Può sorridere un pesce? Sì, se si parla di Carnevale e in particolare del Rione Darsena. Il pesce allegro campeggia nel manifesto del Carnevaldarsena 2026, opera del maestro carrista Carlo Lombardi, vincitore – in coppia col figlio Lorenzo – del primo premio nella categoria maggiore in occasione dell’ultima edizione del Carnevale, quella del 2025. Il carro “Sic transit gloria mundi” ha sbaragliato la concorrenza con la gigantesca Papessa che rinnova la Chiesa. I darsenotti hanno dunque proposto a Carlo di ideare il manifesto del 2026. Al centro campeggia un pesce stilizzato, il cui tratto richiama le vele, con bollicine e un fondo blu sfumato. Su tale sfondo si intravedono i tentacoli del polpo, emblema irrinunciabile del Rione. In basso le date della festa: dal 13 al 17 febbraio 2026. “Se si parla di Darsena – spiega Lombardi – il tema è naturalmente quello del mare e della pesca. E poi è necessario il riferimento al polpo, che ho scelto di trasfigurare sullo sfondo. Il soggetto principale è un pesce colorato, che rappresenta l’essenza della Darsena.
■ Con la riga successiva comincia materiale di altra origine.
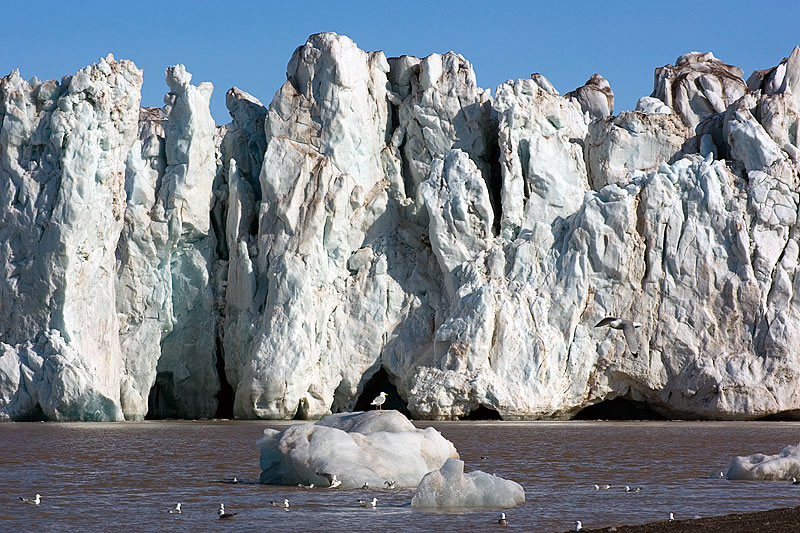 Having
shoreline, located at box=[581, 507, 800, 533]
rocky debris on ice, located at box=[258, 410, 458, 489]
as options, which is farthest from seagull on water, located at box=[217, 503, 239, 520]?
shoreline, located at box=[581, 507, 800, 533]

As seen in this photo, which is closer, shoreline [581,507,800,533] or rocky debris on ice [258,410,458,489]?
shoreline [581,507,800,533]

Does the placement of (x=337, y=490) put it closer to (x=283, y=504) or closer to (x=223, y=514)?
(x=283, y=504)

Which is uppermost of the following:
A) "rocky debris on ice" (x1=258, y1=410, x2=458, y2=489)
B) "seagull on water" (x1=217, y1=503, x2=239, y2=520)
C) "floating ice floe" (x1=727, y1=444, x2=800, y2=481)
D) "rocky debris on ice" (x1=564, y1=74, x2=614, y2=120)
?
"rocky debris on ice" (x1=564, y1=74, x2=614, y2=120)

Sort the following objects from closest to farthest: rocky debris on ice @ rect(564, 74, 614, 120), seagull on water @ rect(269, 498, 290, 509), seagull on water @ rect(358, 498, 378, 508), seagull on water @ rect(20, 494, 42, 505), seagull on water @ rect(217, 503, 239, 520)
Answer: seagull on water @ rect(217, 503, 239, 520), seagull on water @ rect(269, 498, 290, 509), seagull on water @ rect(358, 498, 378, 508), seagull on water @ rect(20, 494, 42, 505), rocky debris on ice @ rect(564, 74, 614, 120)

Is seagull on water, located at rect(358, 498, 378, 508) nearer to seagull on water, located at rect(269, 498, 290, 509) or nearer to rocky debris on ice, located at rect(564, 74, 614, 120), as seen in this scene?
seagull on water, located at rect(269, 498, 290, 509)

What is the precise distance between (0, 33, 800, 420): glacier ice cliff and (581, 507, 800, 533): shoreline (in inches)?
1087

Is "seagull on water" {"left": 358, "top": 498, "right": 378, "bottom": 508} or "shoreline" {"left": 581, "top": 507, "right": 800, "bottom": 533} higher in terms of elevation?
"seagull on water" {"left": 358, "top": 498, "right": 378, "bottom": 508}

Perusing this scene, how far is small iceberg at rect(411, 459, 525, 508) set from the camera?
12906mm

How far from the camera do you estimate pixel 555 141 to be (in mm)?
44250

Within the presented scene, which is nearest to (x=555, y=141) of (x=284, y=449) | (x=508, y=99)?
(x=508, y=99)

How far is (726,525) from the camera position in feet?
34.9

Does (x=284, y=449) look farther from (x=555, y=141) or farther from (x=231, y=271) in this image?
(x=555, y=141)

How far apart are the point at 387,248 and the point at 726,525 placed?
3411 centimetres

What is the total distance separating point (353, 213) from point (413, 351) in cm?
656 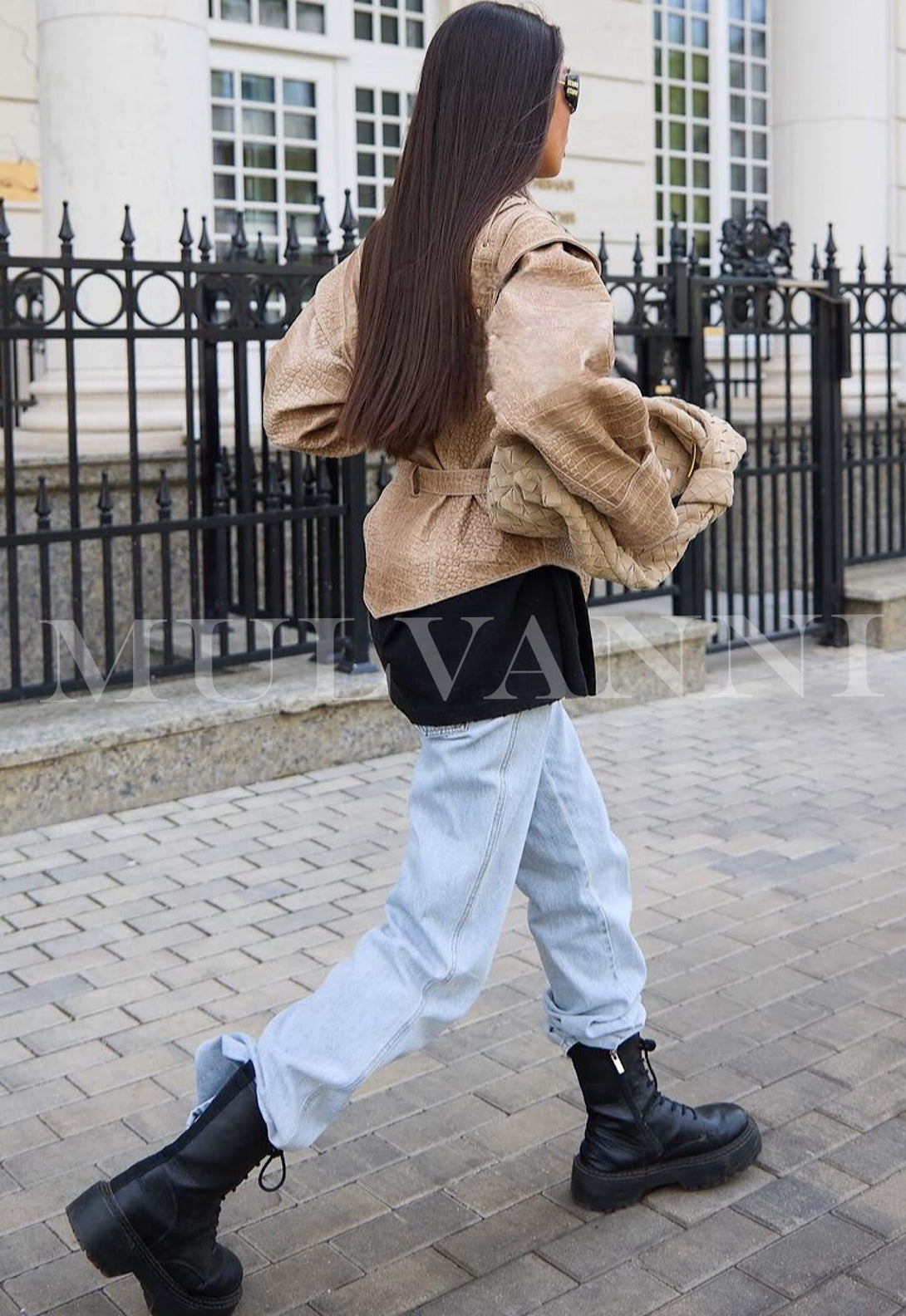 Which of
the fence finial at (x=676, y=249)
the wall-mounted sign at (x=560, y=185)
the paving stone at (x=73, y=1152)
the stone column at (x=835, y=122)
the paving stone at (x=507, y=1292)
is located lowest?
the paving stone at (x=507, y=1292)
Nel corpo del pesce ho delineato vele stilizzate e riferimenti agli alberi dei trabaccoli, tutti elementi che si riferiscono al regno della pesca. Quanto alle bollicine, penso che possano ricordare i coriandoli”. Se gli si chiede qual è il suo rapporto con la Darsena, Carlo Lombardi fornisce una risposta da entusiasta. “Il mio rapporto con la Darsena è molto solido, cosa comune a tutti i viareggini. Io sono viareggino purosangue, da generazioni. Ho ricostruito il mio albero genealogico e sono risalito fino al Settecento, ai tempi di un mio avo che si chiamava Luca Lombardi. Se si aggiunge che per un periodo ho abitato in Darsena, la conclusione è chiara: per me questo quartiere è la festa rionale, e io sono cresciuto con il Carnevaldarsena. Il resto lo ha fatto la mia professione". Il manifesto si inserisce in un percorso a un tempo tradizionale e innovativo dell’immagine del Carnevaldarsena, con una linea visiva riconoscibile e coerente con la sua identità storica. Lombardi utilizza tinte sature e una costruzione grafica che combina gesto pittorico e precisione da modellatore, portando nel disegno lo stesso approccio scenografico che caratterizza i suoi carri. Non è solo un’immagine: è un riferimento culturale per un intero rione.